Dodging Product Development Failures, Part 3 – Integrated Team Work
October 16th, 2014
Posted by Niall Sweeney
There are many elements that lead to a successfully developed product; we’ve already covered two important factors: 1) Assessing all risks and going beyond prototype development and 2) developing an uncanny customer insight. In this post, I’ll discuss a third key element, the importance of teamwork.
Pitfall: Team activities that are not integrated
Product development depends on many different disciplines, including engineering, regulatory, marketing, manufacturing, finance, sales, and quality control. While these specialists bring a depth of expertise, you’ll need to integrate all of them. While a specialist will certainly be able to identify a task and complete it, she or he may balk at attending team meetings where the discussion is far outside her or his specialty. But the best teams are made of people who know how every discipline connects to the product. Only with an integrated team will you know what a customer really wants, have a superior sense of priorities, and gain the ability to shift attributes like price, time to market, or specific product features. Unfortunately, many groups who call themselves teams don’t have this level of connectedness.
How to avoid this pitfall: Give the team members time to focus on the complete picture and freedom to think outside their functional boxes
To enable team activities to be truly connected, core members need to have time to focus on the complete picture. They need to expand their thinking outside the confines of their functions, and engage in areas in which they have no experience. For instance, I worked on one product where installation of the product was critical to that product’s success. Everybody on the team needed to learn about installations in the field, despite the fact that this was an area nobody really knew or “owned”.
Another way to foster integration is to have all the team members help create phase gate reviews and/or investor pitches (which we’ve discussed can be similar to a phase review). There’s nothing like explaining your plans and products to an outsider to see how the whole program will work.

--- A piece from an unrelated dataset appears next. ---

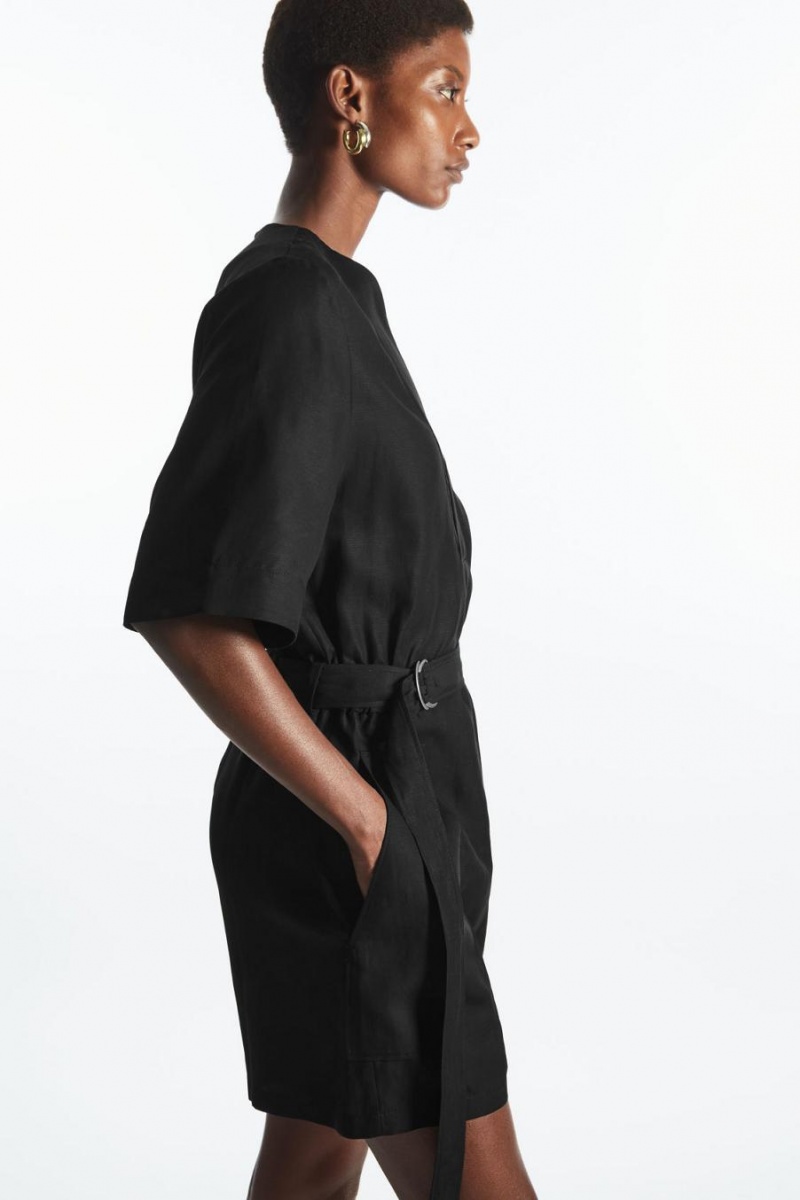 COS V-neck Belted Játszóruhák Női Fekete | PEJ-417538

These three examples—separating risk assessment from design development, acquiring uncanny customer insight, and creating integrated teams—demonstrate how product development is more complex than it initially appears. Many times the best approach is counterintuitive, requiring you to slow down and reflect in order to get to market faster. Confirming that you’re still headed in the right direction and avoiding wasted time and resources can pay off handsomely, enable you to beat the odds and launch a successful product.